The Student Room Group

Fallen for BF's mate (long)

when a friend of my bf started to be flirty, i asked around. everyone i asked said he was like that with everyone, but after lengthy msn and text conversations, he seemed to be acting different around me. whilst pushing the appearance of a playboy- he's actually really caring- and i helped him through a lot of trouble with his selfish, money grabbing girlfriend.

after a while, i started to get used to it until suddenly, he announced that he loved me. i just assumed he was mistaking a girl that didnt faun over him to be "the one" and foolishly kept contact. after a time i found myself caring a lot for him too. i told my bf about what he had said, and he didnt seem at all bothered. i stupidly kept in regular- and increasingly sexual- text contact. just the other day he said he was going to make the first move to tell his girlfriend and i freaked out, telling him to forget any emotion he has for me.

thing is, i didnt actually realise until i stopped talking to him how much i miss him. ive been crying on and off for three days, and i've not stopped drinking yet. my boyfriend hasnt actually noticed because my mannerisms when drunk are just exaggerations, and i passed off the crying for being period emotions.
i dont know what to do, and i cant get in touch with him.

Reply 1

break up with your bf and ffs if your going to do something with his friend leave it for at least a few months

Reply 2

You need to end things with your boyfriend if you aren't happy, He doesn't deserve to be messed around. It seems to me that you don't care about your boyfriend or his feelings so let him find someone who does. If you want to mess around with his friend then fine, but have the decency to finish with your boyfriend first.

Reply 3

high priestess fnord
break up with your bf and ffs if your going to do something with his friend leave it for at least a few months


^ Simple insight there.

Reply 4

Clearly you are not happy with your boyfriend

Reply 5

Well at least this guy has the guts to commit to you and break it off with his current gf before pursuing you properly, so he's serious. So consider whether you want a relationship with this guy, have a good chat with him, then decide whether you wanna break it off with your bf and start something with this guy instead.

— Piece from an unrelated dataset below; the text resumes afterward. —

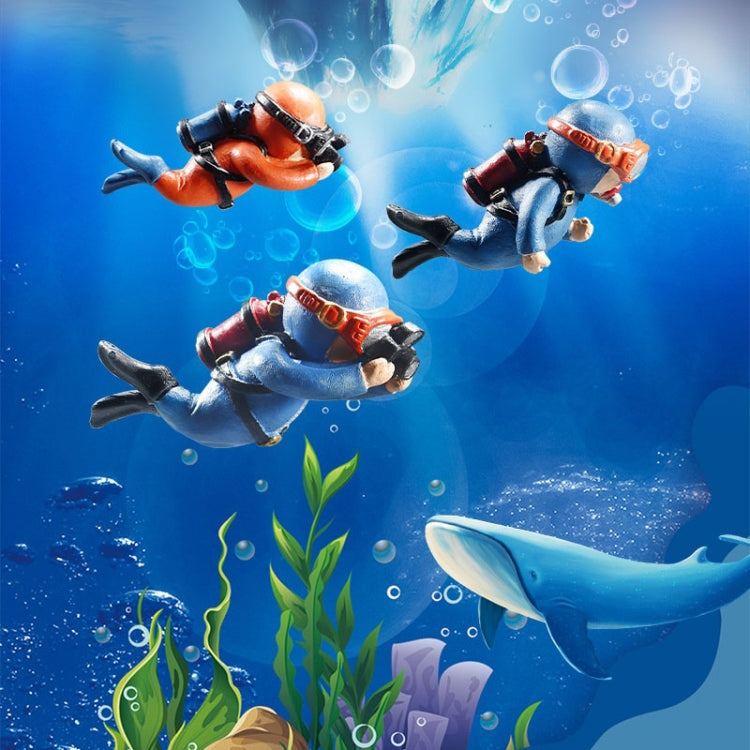 2pcs Fish Tank Diver Aquarium Ornaments Aquascape Decorations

Ring the friend up and tell him that you're confused and you need to talk. You can't sort it out without talking with him. And you don't wanna break it off with your bf just to realise the friend has changed his mind.

Reply 6

Anonymous
ive been crying on and off for three days, and i've not stopped drinking yet. my boyfriend hasnt actually noticed because my mannerisms when drunk are just exaggerations, and i passed off the crying for being period emotions.
i dont know what to do, and i cant get in touch with him.


To be honest with you, this right here is reason enough to end things with your boyfriend in my opinion! How can he not have noticed that his girlfriend is seriously upset over something? Sounds like you two don't really have that much of a bond anyway. Do the decent thing and break up with him. Tell the friend that if he is at all serious about you, he needs to finish with his girlfriend and let that one settle down for a while, plus you're going to need to wait for a while out of respect for your boyfriend, and if they are at all close, the friend should probably run it by your (ex)boyfriend before anything happens as it will destroy the friendship otherwise. Though to be honest I doubt all this will have a happy ending....

Reply 7

Jennybean
To be honest with you, this right here is reason enough to end things with your boyfriend in my opinion! How can he not have noticed that his girlfriend is seriously upset over something? Sounds like you two don't really have that much of a bond anyway. Do the decent thing and break up with him. Tell the friend that if he is at all serious about you, he needs to finish with his girlfriend and let that one settle down for a while, plus you're going to need to wait for a while out of respect for your boyfriend, and if they are at all close, the friend should probably run it by your (ex)boyfriend before anything happens as it will destroy the friendship otherwise. Though to be honest I doubt all this will have a happy ending....


Thats right, put the blame on the boyfriend because shes been sending sexual texts to his mate and getting really involved with him. Brilliant.

Reply 8

haha!

to be fair though her BF didnt care when she said his mate told her he loved her, what does that say about the relationship.

i dont agree with the flirtatious texts but hey if you like this guy follow it up.

Reply 9

supernova2
Thats right, put the blame on the boyfriend because shes been sending sexual texts to his mate and getting really involved with him. Brilliant.


I never said blame the guy, God if you think that's what I was implying I'm horrified! I have no patience with behaviour like the OP's. I think it's disgraceful personally, but I do get a little fed up with the holier-than-thou H&R dwellers just condemning every person who starts threads like this so tried to at least give constructive advice. I wasn't so much commenting on either one of their behaviour, more on their relationship and bond as a whole.

Reply 10

You sound like an utterly horrible girlfriend-- this mate is going to be roughed up by your boyfriend...

Reply 11

Actually, no, forget that, if you want consructive advice then I think you need to start talking with your boyfriend about this, but I know that if he feels the way i do about my girlfriend he will be so so heartbroken...

Reply 12

Guess she just wants to have her cake and eat it.